▶ TASK REQUIREMENTS: Give back the lines below verbatim, omitting all pictures.

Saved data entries
========================================================================

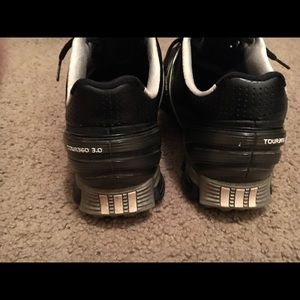 Addidastour 360 3.0 mens golf shoes!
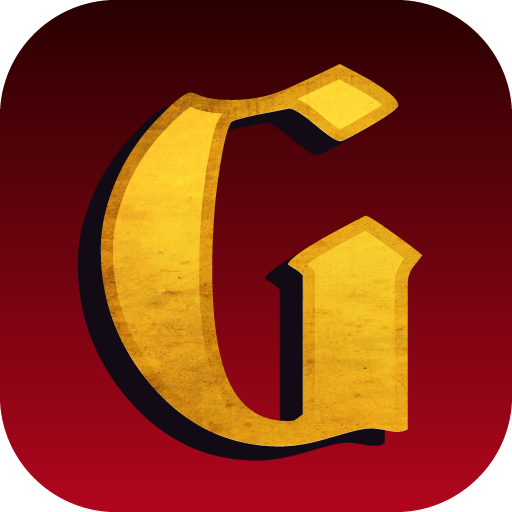 Cafe Guldhornene København 生活 App LOGO-APP開箱王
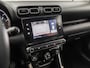 Citroën C3 Aircross 1.2 PureTech Max Automaat (APPLE CARPLAY, CAMERA, MODE KNOP, GROOT NAVI, GETINT GLAS, SPORTSTOELEN, CRUISE, PARKEERSENSOREN, LANE ASSIST, NIEUWSTAAT)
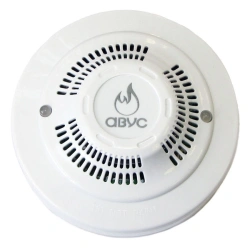 Gas Detector for Methane and Propane - AVUS-Combo-S3H8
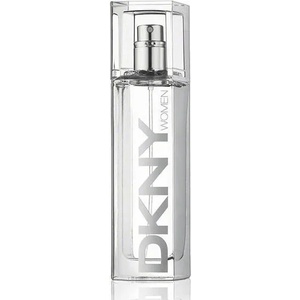 DKNY DKNY Women Original EDT 30 ml Парфюми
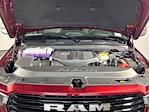New 2026 Ram 1500 Laramie Crew Cab 4x4 Pickup for sale #R26015 - photo 24
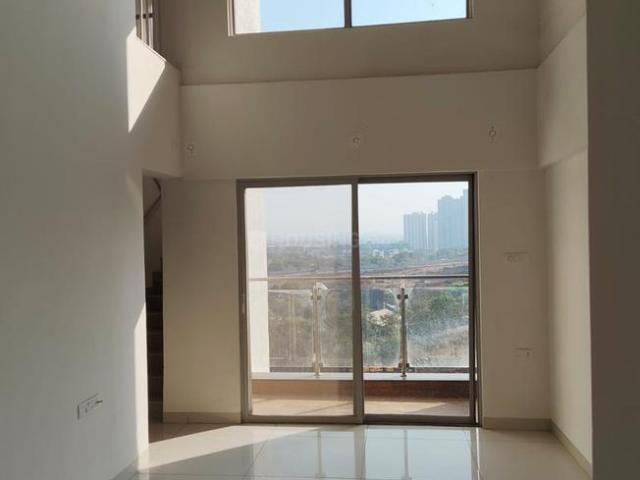 Duplex for rent in Poona, National Capital Territory Of Delhi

========================================================================

▶ TASK RESPONSE:
 Addidastour 360 3.0 mens golf shoes!
 Cafe Guldhornene København 生活 App LOGO-APP開箱王
 Citroën C3 Aircross 1.2 PureTech Max Automaat (APPLE CARPLAY, CAMERA, MODE KNOP, GROOT NAVI, GETINT GLAS, SPORTSTOELEN, CRUISE, PARKEERSENSOREN, LANE ASSIST, NIEUWSTAAT)
 Gas Detector for Methane and Propane - AVUS-Combo-S3H8
 DKNY DKNY Women Original EDT 30 ml Парфюми
New 2026 Ram 1500 Laramie Crew Cab 4x4 Pickup for sale #R26015 - photo 24
 Duplex for rent in Poona, National Capital Territory Of Delhi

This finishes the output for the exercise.